Generally, the energy release rate $G$ is defined as the variation rate of the total energy with respect to the crack length, which propagates along $x_1$ direction, namely, the expression in Eq. 30. It is worth noting that the energy release rate can be denoted as the J-integral in the I-TDM coupling system, i.e.,

$J=G=\frac{d\mathrm{\Pi }}{da}.(31)$

Furthermore, according to the Green’s function, the surface integral in Eq. 30 can be transformed into a line integral. After arrangements, the J-integral and the energy release rate $G$ can be expressed as

$J=G={\int }_{\mathrm{\Gamma }}\left({\upsilon }_e-p_{0}F\right)d{x}_2-{\int }_{\mathrm{\Gamma }}\left[{\sigma }_{ij}-\left(\eta \frac{{\lambda }_{k,k}}{{\alpha }_{ij}}+\gamma \frac{D_{k,k}}{{\beta }_{ij}}\right)\tau \right]n_j{u}_{i,1}\mathit{d}S.(32)$

It is observed in Eq. 32 that the energy release rate near the crack tip is equivalent to the difference between the energy stored in the integral path and the energy dissipated through the integral path, that is, the surface energy required for forming new cracks. Within the closed integral contour near the crack tip, the energy released by fission has been dissipated for the thermal flow, the fission product diffusion, the irreversible strain, and the crack growth. As the driving force for crack growth, the energy release rate at the crack tip is a non-equilibrium characterization of total energy in the I-TDM coupling system. For structural materials, the fission energy density$p_{0}F$ is zero in Eq. 32, and there are only alternations of temperature and concentration of fission products. Furthermore, a fracture criterion can be proposed for the I-TDM coupling system. Under irradiation, the crack initiation occurs when the energy release rate overcomes the fracture toughness of materials$G_C$, i.e., $G\ge G_C$, where $G_C$ is a material constant measured by experiments.

Under irradiation, the energy release rate synthetically characterizes variations in the fission energy, the strain energy, the heat flow, and the diffusion of fission products near the crack tip. Also, the initiation of crack propagation can be predicted according to the proposed criterion. As the energy criterion for crack growth, the presented model can be utilized to assess structural integrity and evaluate the strength of irradiated materials. Actually, by ignoring variables associated with the fission reaction, including the fission energy$p_{0}F$, the entropy displacement ${\lambda }_i$, and the diffusion potential displacement$D_i$, Eq. 32 can be simplified as the classical expression of J-integral, i.e., $J={\int }_{\Gamma }{\upsilon }_{e}d{x}_2-{\int }_{\Gamma }{\sigma }_{ij}{n}_j{u}_{i,1}dS$.

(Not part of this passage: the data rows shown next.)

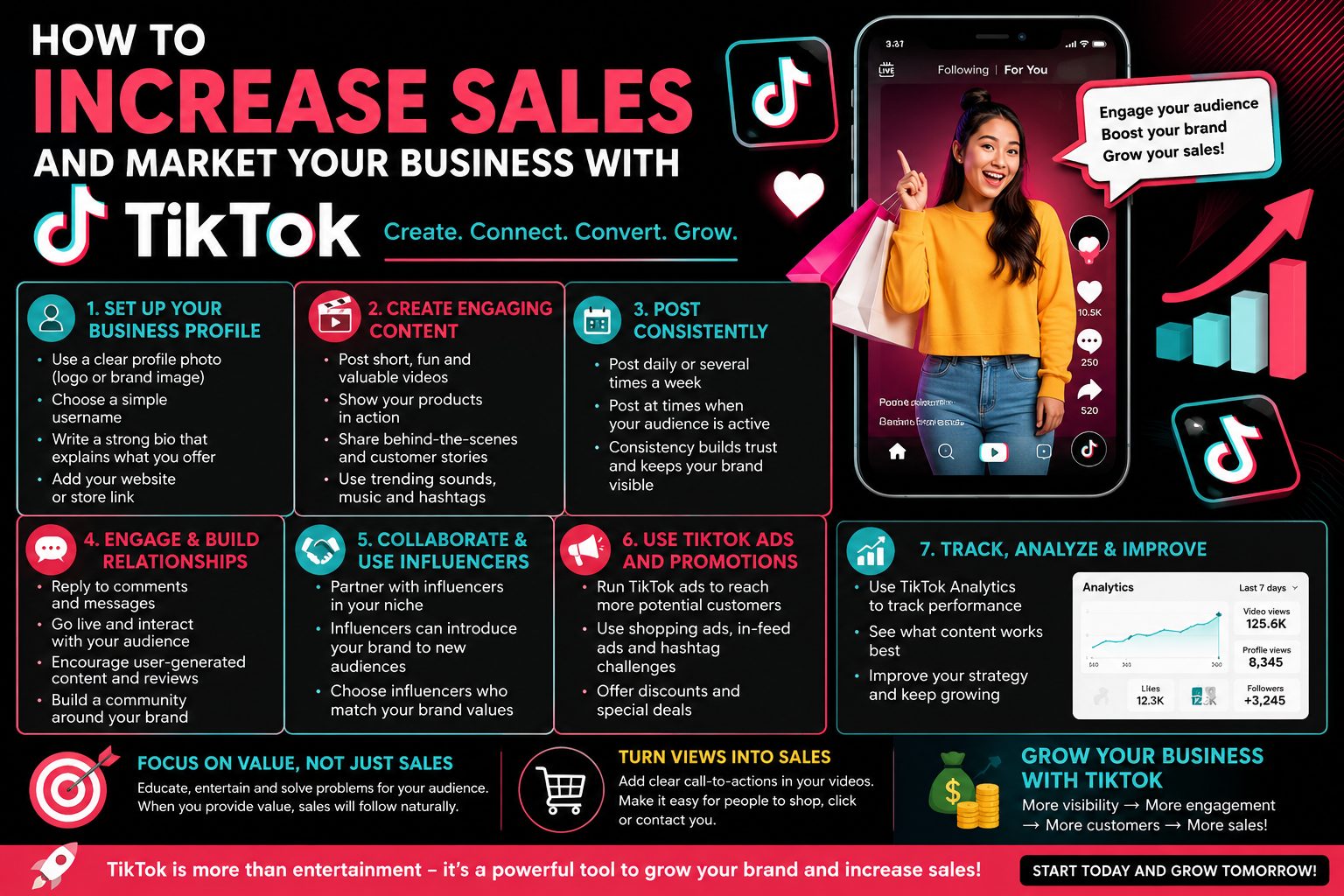 How to Increase Sales and Market Your Business with TikTok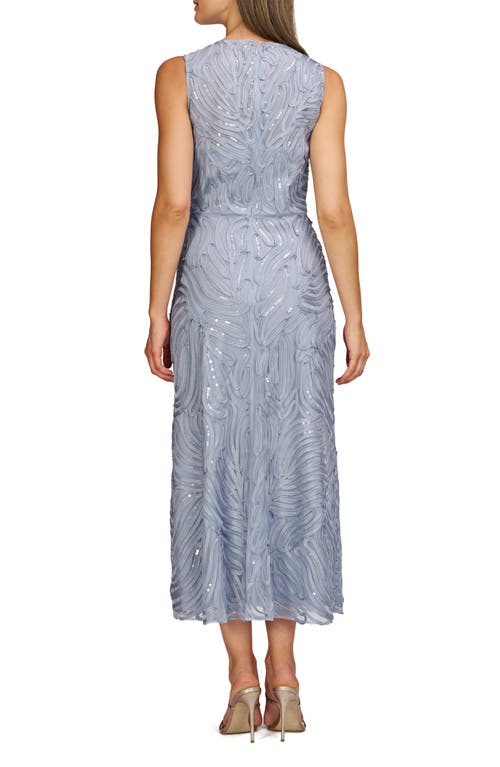 Js Collections Cassandra Soutache Cocktail Dress In Ash Blue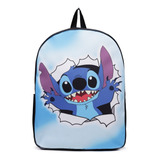 Mochila Personalizada Lilo E Stitch Desenho Animado Infantil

It is known that the conventional J-integral is path-independent (Zuo and Shen, 2018). Next, the path-independence of J-integral in the I-TDM coupling system will be investigated. Under irradiation, taking into account the closed integral path$\Gamma$ composed by Γ₁, Γ₂, Γ₃, and Γ₄, as illustrated in Figure 3, we get

$\mathrm{\Gamma }={\mathrm{\Gamma }}_1+{\mathrm{\Gamma }}_3-{\mathrm{\Gamma }}_2+{\mathrm{\Gamma }}_4,(33)$

where Γ₁ and Γ₂ stand for two distinct integral paths from the lower crack surface to the upper crack surface, while Γ₃ and Γ₄ denote the paths along the lower and upper crack surfaces, respectively.

FIGURE 3

FIGURE 3. Different integral paths at the crack tip.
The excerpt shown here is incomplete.